# [Instructions for the task]
Go through the listing below and output exactly the line with "Venta al por", the line with "11300 110 Avenue", and each line between; omit the rest.

# [Data]
════════════════

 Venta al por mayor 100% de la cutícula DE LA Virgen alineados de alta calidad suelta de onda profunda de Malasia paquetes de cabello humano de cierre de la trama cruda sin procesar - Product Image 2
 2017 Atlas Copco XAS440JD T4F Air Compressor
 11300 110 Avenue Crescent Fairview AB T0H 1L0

════════════════

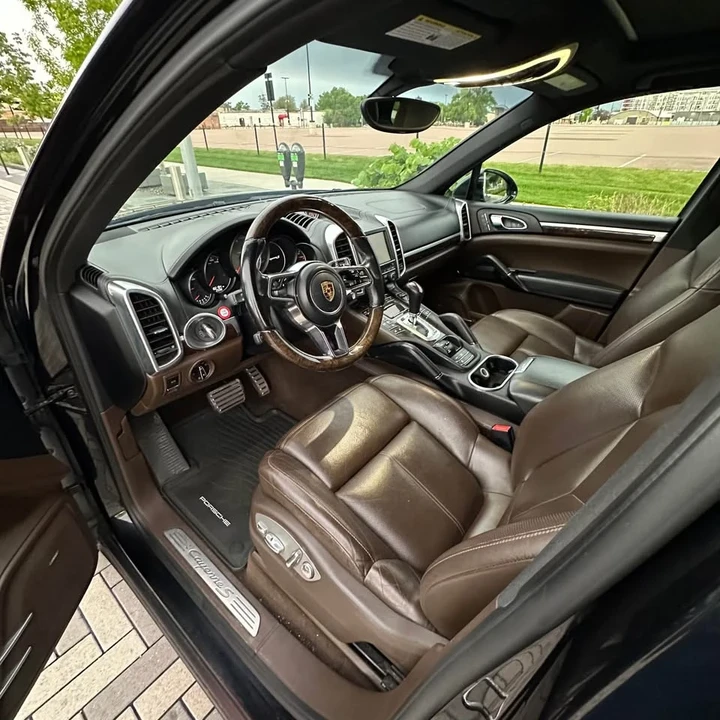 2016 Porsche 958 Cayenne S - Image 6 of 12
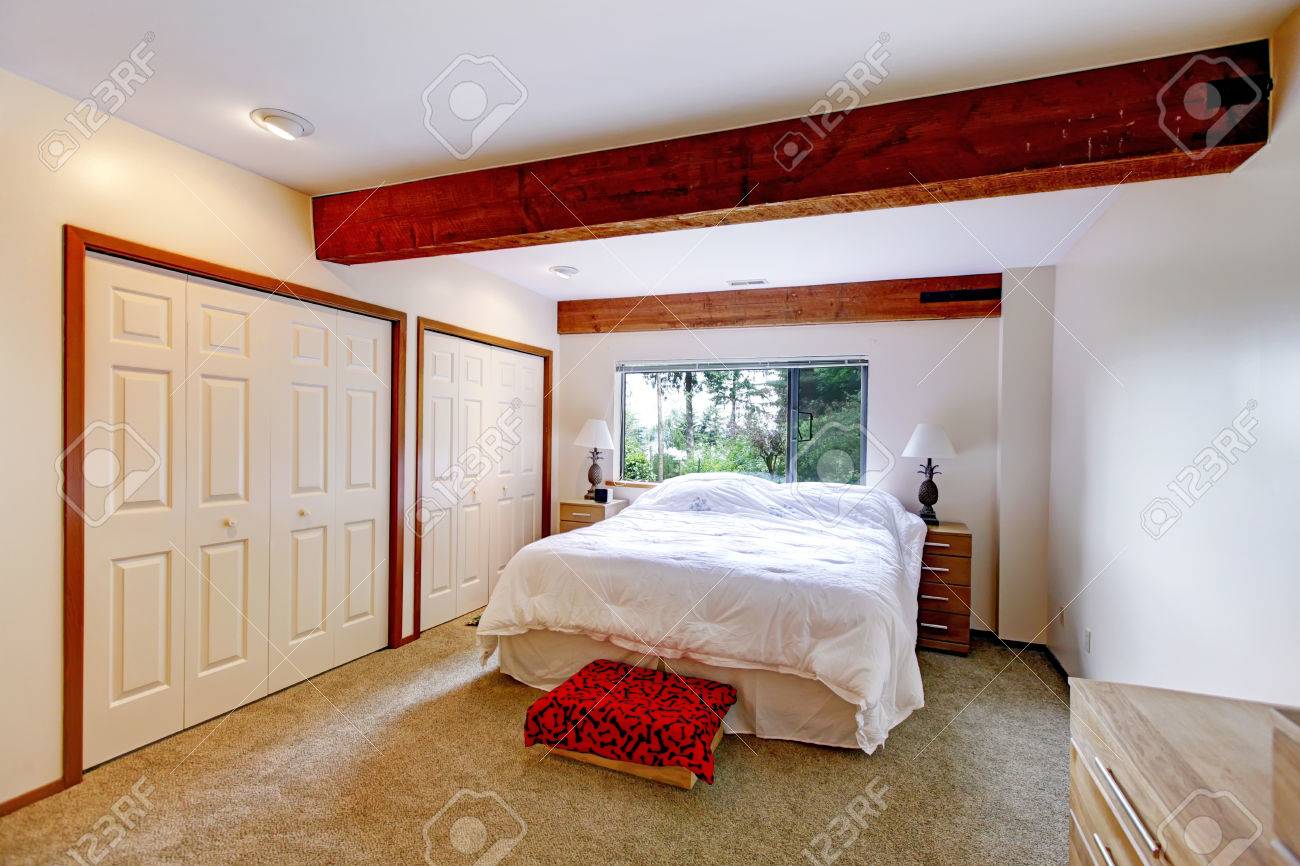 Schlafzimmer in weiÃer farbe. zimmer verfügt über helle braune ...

════════════════

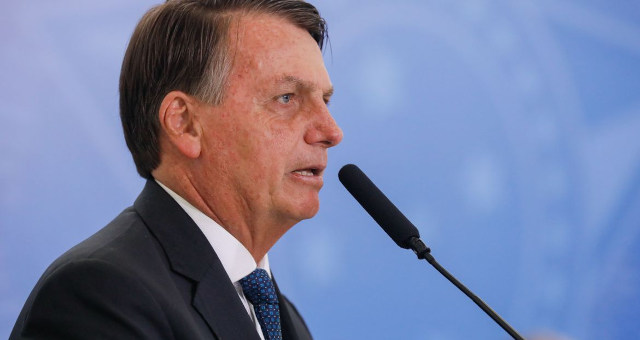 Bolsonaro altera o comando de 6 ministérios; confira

════════════════

# [Exercise solution]
 Venta al por mayor 100% de la cutícula DE LA Virgen alineados de alta calidad suelta de onda profunda de Malasia paquetes de cabello humano de cierre de la trama cruda sin procesar - Product Image 2
 2017 Atlas Copco XAS440JD T4F Air Compressor
 11300 110 Avenue Crescent Fairview AB T0H 1L0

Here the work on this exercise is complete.